Before I tell you how to recognise your soulmate let’s first consider two things that prevent this from happening.
The term soul mate has been distorted and romanticised in the media and as a result you may find yourself ‘waiting’ for your ideal relationship and/or partner to come along. You may not realise that a soulmate may not necessarily be an “ideal” relationship.
When you are in a state of waiting, you are pushing away what is happening now and you miss out on your current life complete with opportunities that are here now. Waiting puts you in a state of not being fulfilled. It is only possible to find peace and happiness in the present moment. So by definition, the waiting has a negative impact on your life.
Secondly waiting for true love or a soulmate also means you are creating something to wait for. If it’s the romantic ‘ideal’ of a soul mate you will miss the real opportunity of love that often sits in front of you. You miss your opportunity because you are waiting for an ‘ideal’. You can’t begin to imagine what your real soul mate will be like, so it’s probable that you are projecting something that is unrealistic or too vague without being aware of what you are doing. You can’t recognize your opportunity for love because you can never find your ideal image, it doesn’t exist.

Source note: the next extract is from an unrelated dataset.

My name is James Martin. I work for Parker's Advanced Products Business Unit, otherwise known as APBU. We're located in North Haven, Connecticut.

Last of all, this waiting state makes you vulnerable to others that may take advantage of you (deliberately or unconsciously) You will give out a certain signal that will be matched by someone else’s corresponding state. That’s not always bad but it leaves you open to false starts and dashed hopes. It could also expose you to danger in certain situations.

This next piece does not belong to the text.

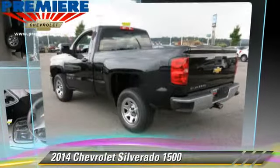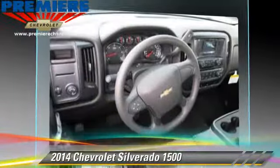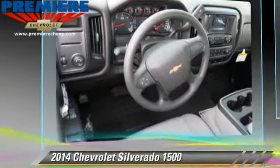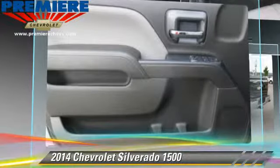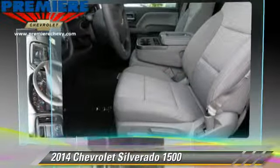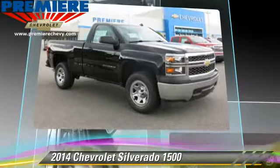The 2014 Chevrolet Silverado 1500. This is a pickup truck with an automatic transmission. This pickup truck, with fewer than 5,000 miles on the odometer, is well equipped. This Chevrolet features powered door locks and tilt wheel.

2. Be Happy With Who You Are
It’s interesting to see that the people who are into self development are often struggling to meet their soulmate. This is the law of attraction at work. When you are into self development there is an implication that you are not happy with yourself and that there is something wrong with you. This is the case for many people who approach self development from this negative point of view. There are others who take joy in the fact that you can improve. They are genuinely interested, happy and love the fact that they can create improvement. Both camps come from opposite sides of the same coin.
If you are pursuing your own development from the point of view of not accepting yourself and needing to improve yourself because there is something wrong with you then you will be pushing away what you are looking for. The law of attraction dictates that you are looking into a mirror and you receive what you already are. If you are negative towards your self then it will be difficult to encounter a soulmate who is positive towards you. You will be attracting someone like you.
When you are trying to change yourself in order to be more lovable, which is often the case with people trying to lose weight, then you are in a state of disapproval with yourself. This will repel your soulmate. You need self approval for other to approve of you.
The Original Story Of Soulmates
The idea of soulmates comes from an old spiritual story that very roughly goes along the lines of the following.
Once upon a time we were created as a perfect soul. To understand the concept of self and the process of becoming one, our souls were split into two. The two halves were given a polarity difference so that they would be drawn together. This process needed a physical incarnation to be experienced and the two halves were destined to look for one another lifetime after lifetime during the process of reincarnation. The two halves had a longing for each other which would drive them forward and never be satisfied until they met. Once they met on the physical plane they could rejoin and leave this earthly existence. This story probably needs a “to live happily ever after” you can even add a “in heaven” at the end just to make it really good.
This story is a derivative of the concept of our existence, a story too long for this article. Suffice it to say that spiritually we are “one” and your mission should you choose to accept it, comprises of the process of self development until you have the ability to reach a “state of being” that enables you to rejoin with the source – let’s call it God.
Recognise Your Soulmate
Here are some points to consider when deciding if you have met your soulmate. This is how you recognise your soulmate but be mindful of the fact that you will not recognise some of these points until after you are in the relationship.
You meet the person straight after a major personal development step or breakthrough. Major means significant work has been done that has completely changed you. Not just having an “ah ha” moment when you discover something. I put this point first because it often happens to my clients after a period of coaching and instruction. Often the self development that is undertaken revolves around healing issues of self worth/love/approval.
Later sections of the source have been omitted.